_Given information_:
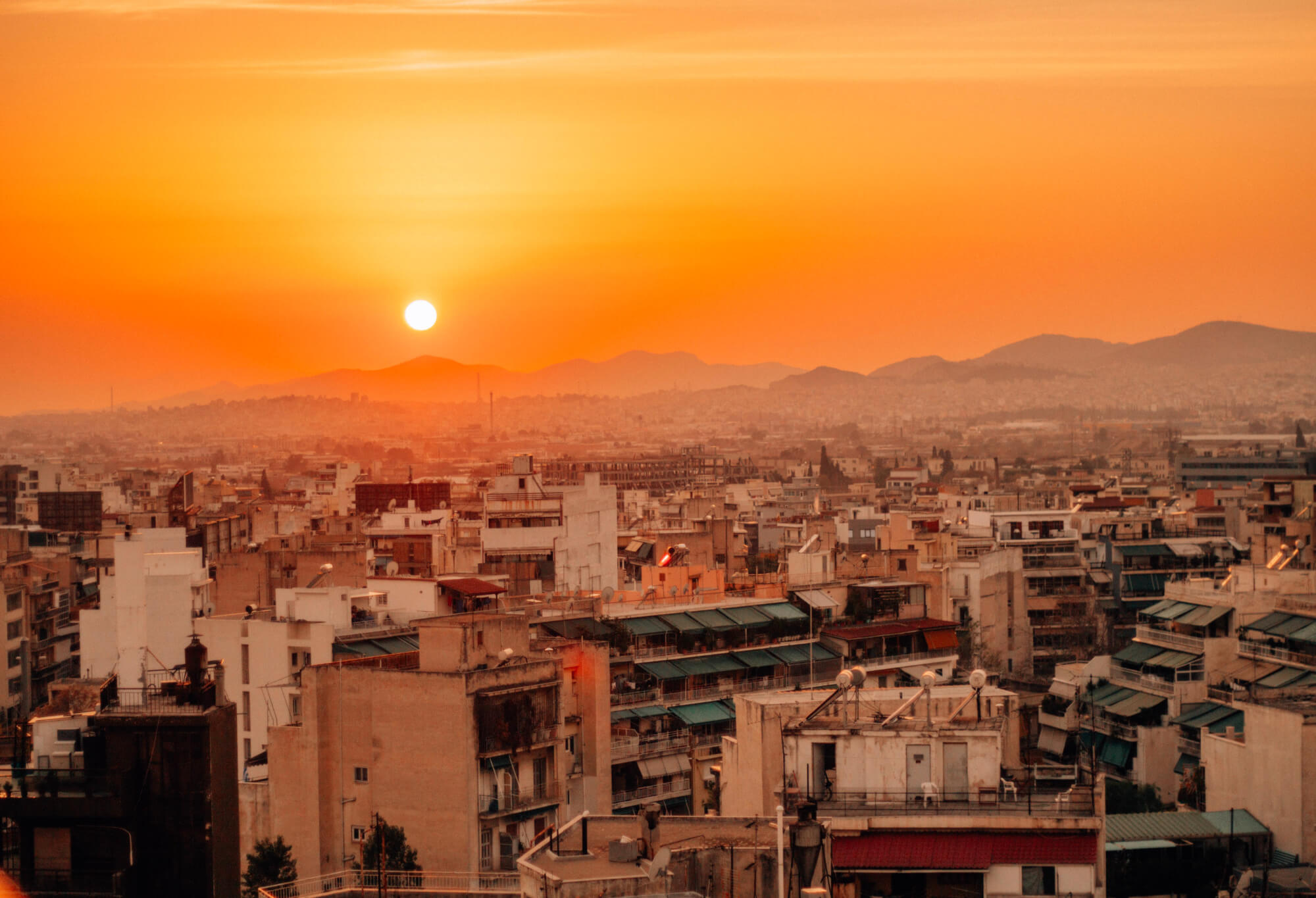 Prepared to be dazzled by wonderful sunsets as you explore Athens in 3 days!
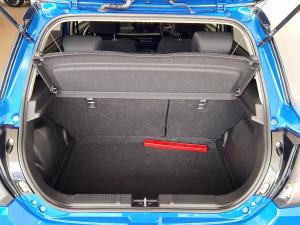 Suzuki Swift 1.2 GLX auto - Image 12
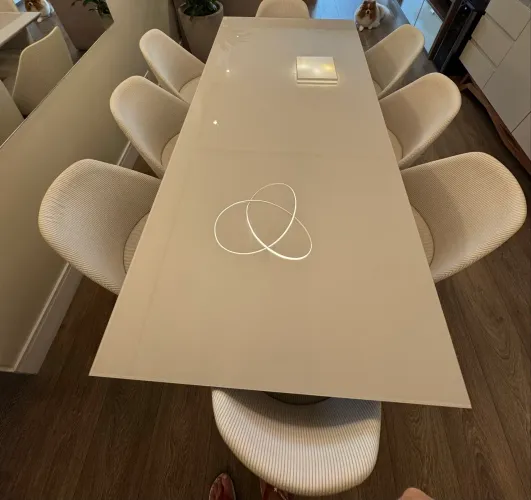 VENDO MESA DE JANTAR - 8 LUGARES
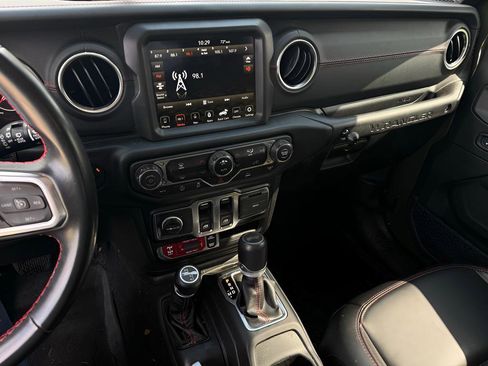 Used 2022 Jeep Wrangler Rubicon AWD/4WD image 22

_What you are asked to do_:
Repeat the material above in full and exactly, omitting the pictures.

_Reply to the exercise_:
 Prepared to be dazzled by wonderful sunsets as you explore Athens in 3 days!
 Suzuki Swift 1.2 GLX auto - Image 12
 VENDO MESA DE JANTAR - 8 LUGARES
 Used 2022 Jeep Wrangler Rubicon AWD/4WD image 22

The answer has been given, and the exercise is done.